▶ Problem to solve: With the pictures omitted, print exactly the lines below, from the one containing "2024 BMW X5 sDrive40i" through the one containing "Renault (Samsung) SM6", and nothing else.

▶ Input data:
-*-*-

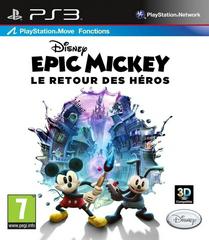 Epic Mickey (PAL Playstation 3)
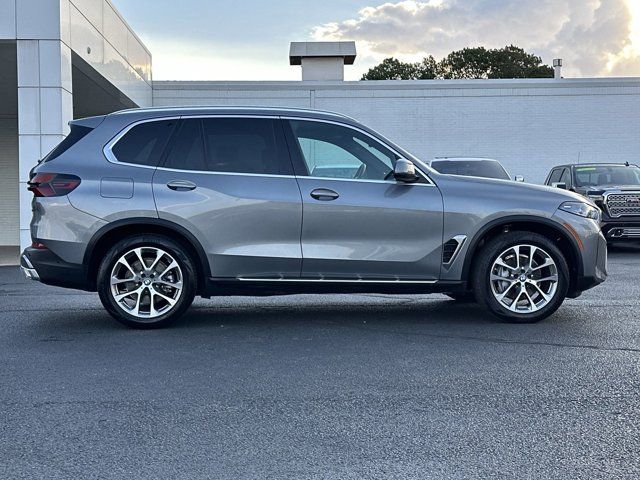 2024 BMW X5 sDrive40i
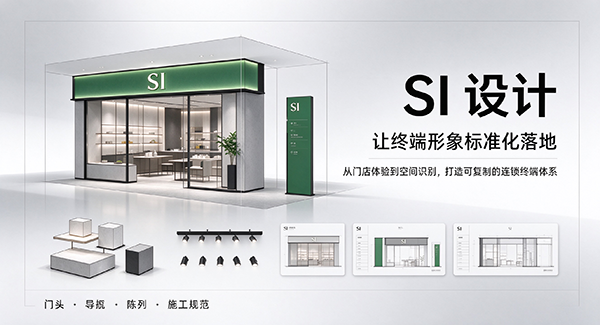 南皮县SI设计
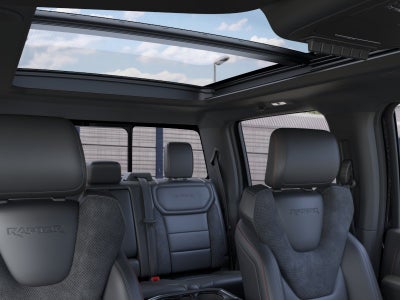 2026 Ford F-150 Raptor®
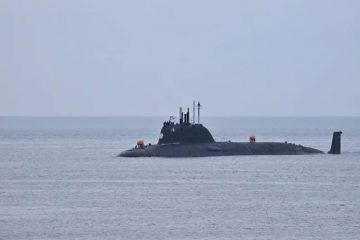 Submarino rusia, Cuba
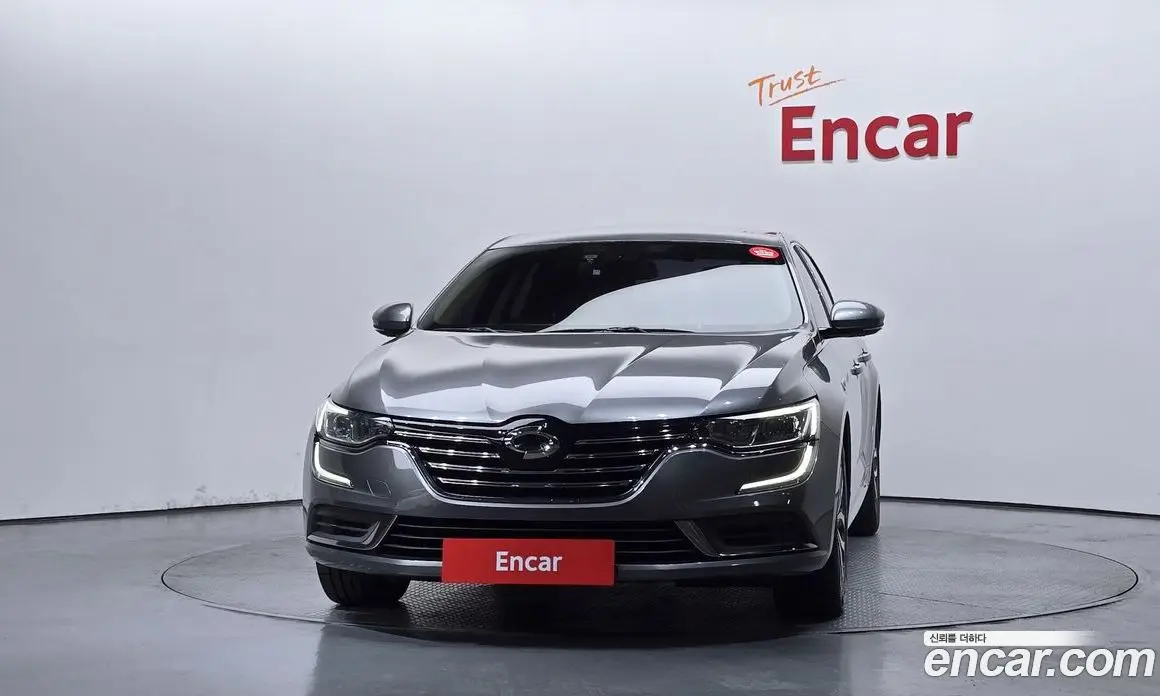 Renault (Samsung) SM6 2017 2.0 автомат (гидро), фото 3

-*-*-

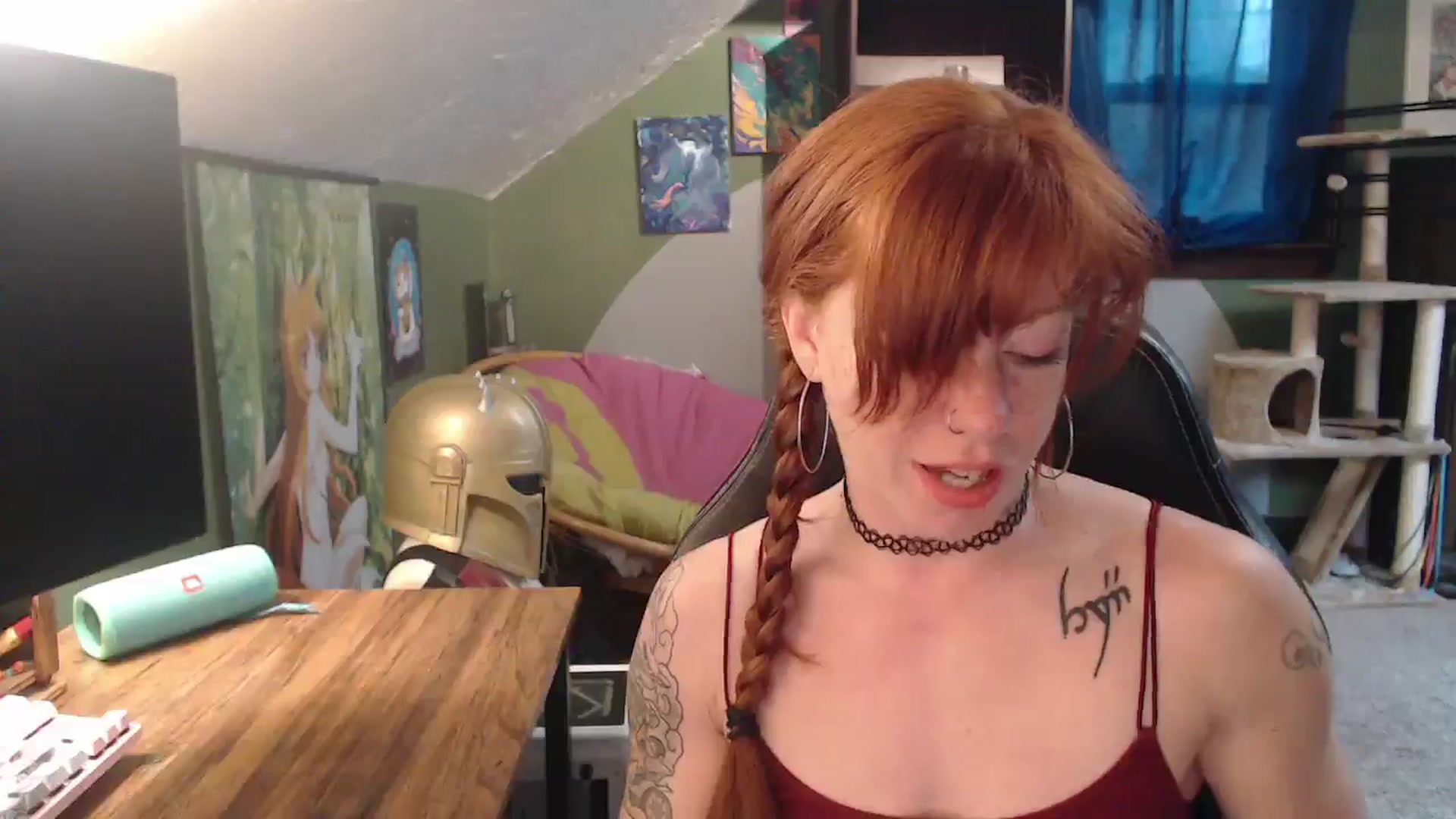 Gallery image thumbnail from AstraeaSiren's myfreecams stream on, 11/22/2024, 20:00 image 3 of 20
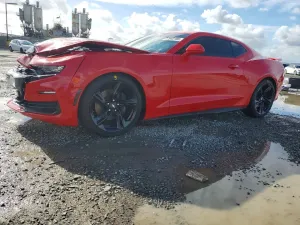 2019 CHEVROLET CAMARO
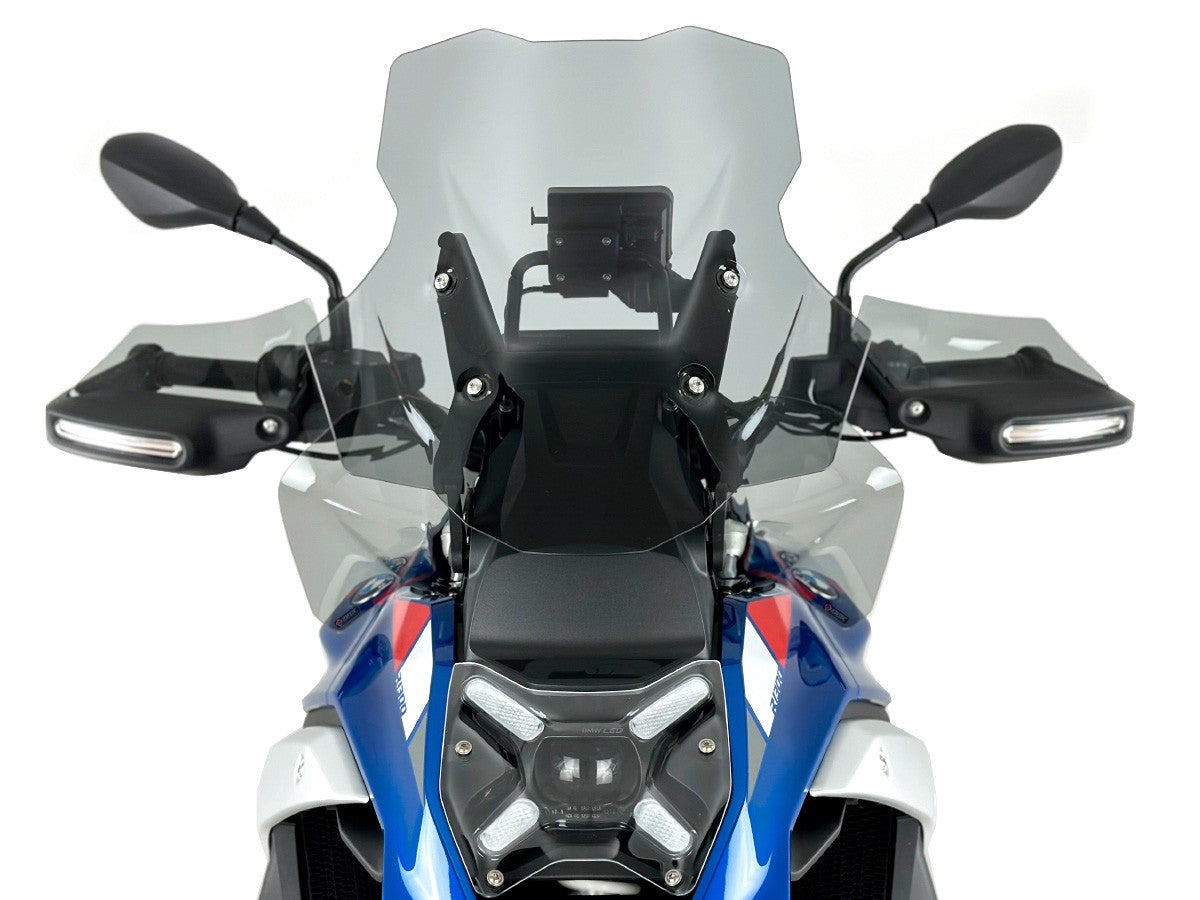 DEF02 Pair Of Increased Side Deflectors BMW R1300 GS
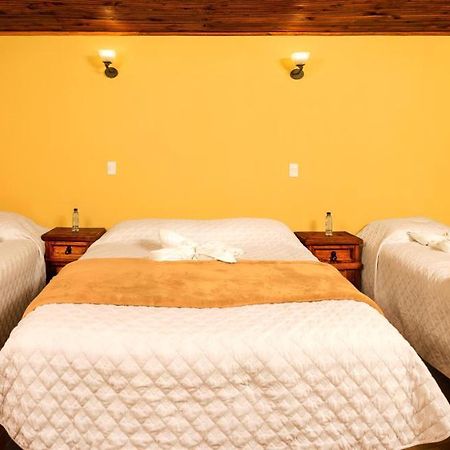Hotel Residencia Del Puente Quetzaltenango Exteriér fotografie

-*-*-

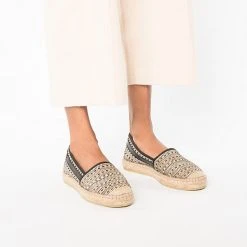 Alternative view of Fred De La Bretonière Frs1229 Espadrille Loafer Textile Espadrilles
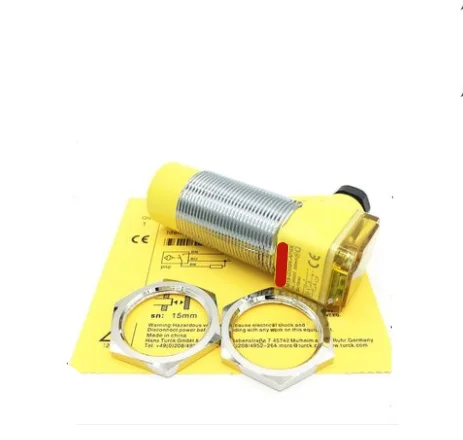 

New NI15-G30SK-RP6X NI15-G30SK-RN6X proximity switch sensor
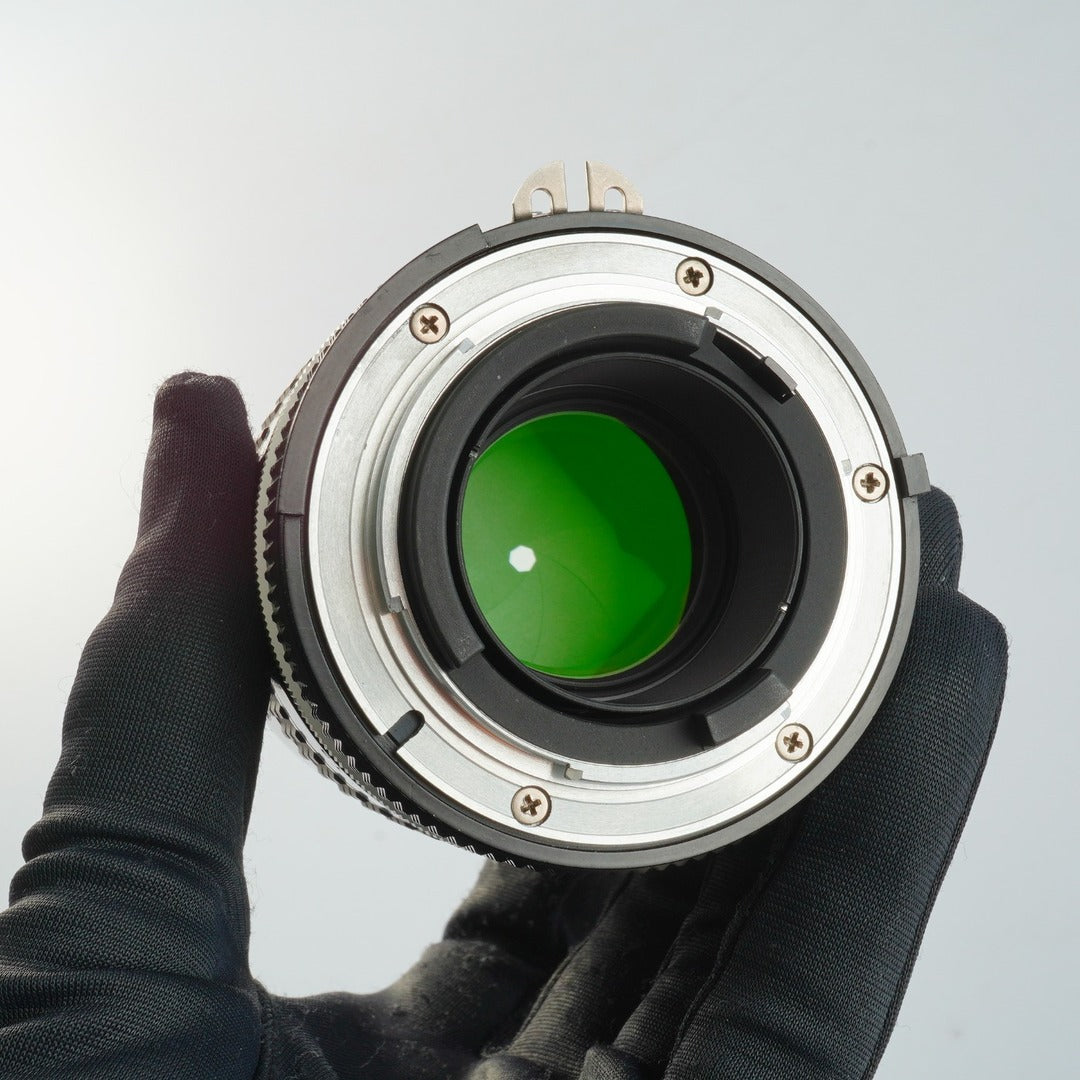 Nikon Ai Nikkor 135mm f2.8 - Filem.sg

-*-*-

▶ Expected answer:
 2024 BMW X5 sDrive40i
 南皮县SI设计
 2026 Ford F-150 Raptor®
 Submarino rusia, Cuba
 Renault (Samsung) SM6 2017 2.0 автомат (гидро), фото 3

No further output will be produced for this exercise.